→ Work required:
From the line that contains "Borsa Fendi Mini" down to the last line of the data below, restate every line word for word, skipping any images.

→ Data section:
= Beginning of Section =

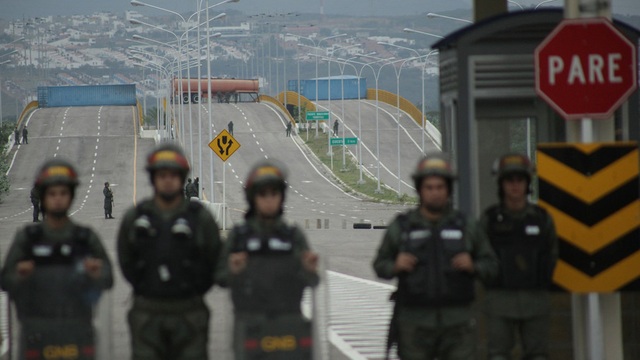 Hàng viện trợ châm ngòi cuộc đối đầu căng thẳng tại biên giới Venezuela - 3 Hàng viện trợ châm ngòi cuộc đối đầu căng thẳng tại biên giới Venezuela - 3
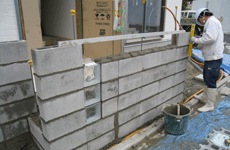 コンクリートブロックの施工 外構工事のガーデンプラス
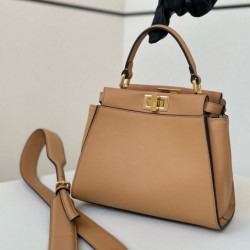 Borsa Fendi Mini Iconic Peekaboo Marrone chiaro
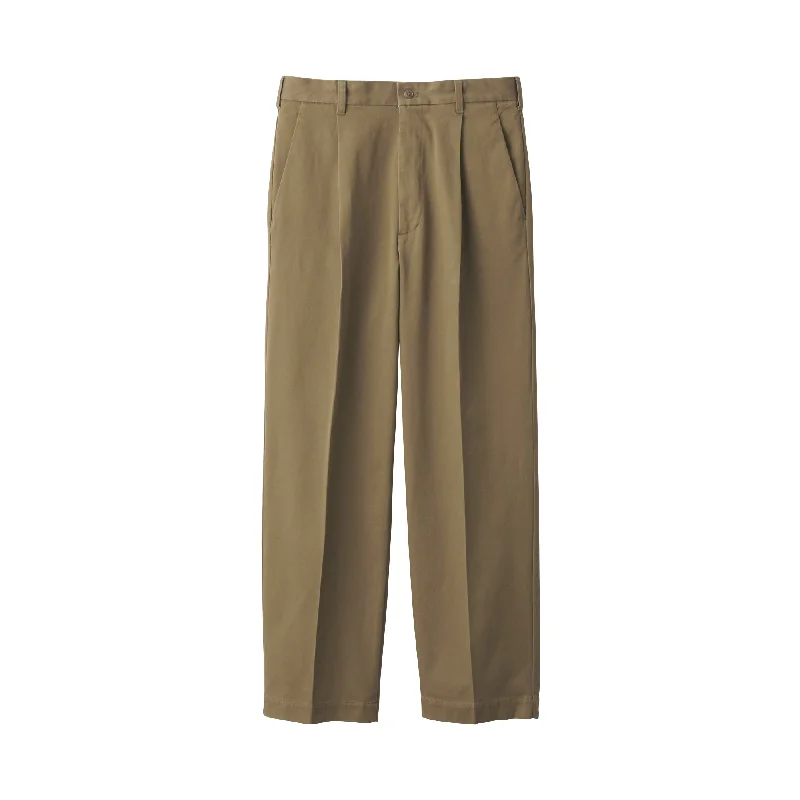 mens-stretch-chino-tuck-wide-pants-ae0xm24s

= End of Section =

→ Response below:
 Borsa Fendi Mini Iconic Peekaboo Marrone chiaro
 mens-stretch-chino-tuck-wide-pants-ae0xm24s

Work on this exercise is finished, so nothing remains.